Sunday, August 21, 2022

Doubting doubt

The thing about doubt is that it never stands alone. Doubt of one thing inevitably involves affirmation of something else. Often the doubter doesn't acknowledge the implied affirmation or is simply unaware of it.

Take solipsism for example. I can doubt that there is an external world and that I am the only thing in existence. No one can prove that I'm wrong because any evidence submitted might simply be a creation of my own mind. 

Instead of trying to prove the solipsist wrong, let's see what is implied in his view if taken seriously. I now know calculus, but there was a time when I didn't. I remember being a freshman in high school and looking through my elder brother's calculus book. It contained a lot of funny symbols and complicated math I didn't understand. A few years later, I took calculus myself and the symbols and math became clear.

If solipsism is true, then everything in this history is a creation of my own mind. The book with the symbols I didn't understand as a freshman was a creation of my mind. So were my later calculus teacher, my calculus homework, and my calculus tests. Indeed, calculus itself is a creation of my own mind. 

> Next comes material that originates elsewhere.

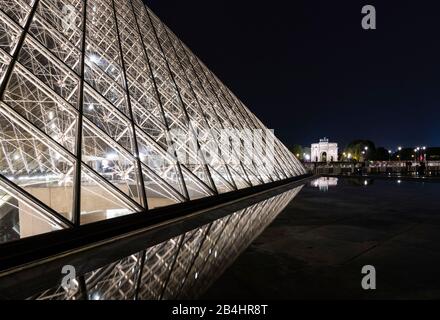 At night, illuminated glass pyramid in the Louvre is reflected in the water, further back you can see the Arc de Triomphe du Carrousel, Paris, France, Europe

So at one point my mind created a book with funny symbols that I didn't understand, which I only later understood through calculus class. Yet the symbols only make sense in light of calculus, which I didn't understand at the time my mind (supposedly) created the calculus book. Was calculus then a creation of my subconscious mind, and calculus class but a devious way my mind tricks itself into thinking it learned something which it really knew all along? We have to believe something like this if we are to take solipsism seriously. 

Beyond the bizarre stories implied concerning personal history, there is the simple fact that solipsism implies that I was the creator of calculus. Calculus is among the greatest mathematical achievements in history and is generally credited to the geniuses Newton and Leibniz. But on the solipsistic hypothesis these gentlemen are fictions of my mind, and in fact I am the inventor of calculus.  

And it's not just his calculus that I'm claiming from Newton. I've got his physics as well. Also the electrodynamics of Maxwell, the relativity of Einstein, and the quantum mechanics of Heisenberg - even though I barely made it through QM in college.  They are all creations of my mind.

We don't need to stop with science, either. I also wrote the plays of Shakespeare, the symphonies of Bach and Beethoven, and painted the Sistine Chapel. Not really, of course, only in my mind, but it seems all the more impressive to execute a classical painting purely in the imagination. 

So what are we left with? Solipsism implies doubt of the external world, which means the external world is a creation of my mind, which means my mind is greater than the sum of all the geniuses in history.

Is that possible? Perhaps. Is it something we can doubt? I would hope so; in fact, any sane person should doubt it.  

Solipsism is doubt of the external world coupled with a titanic affirmation of the self.

All doubt operates like this. So when we consider doubting something, we should bring into consideration the affirmations implied in the doubt.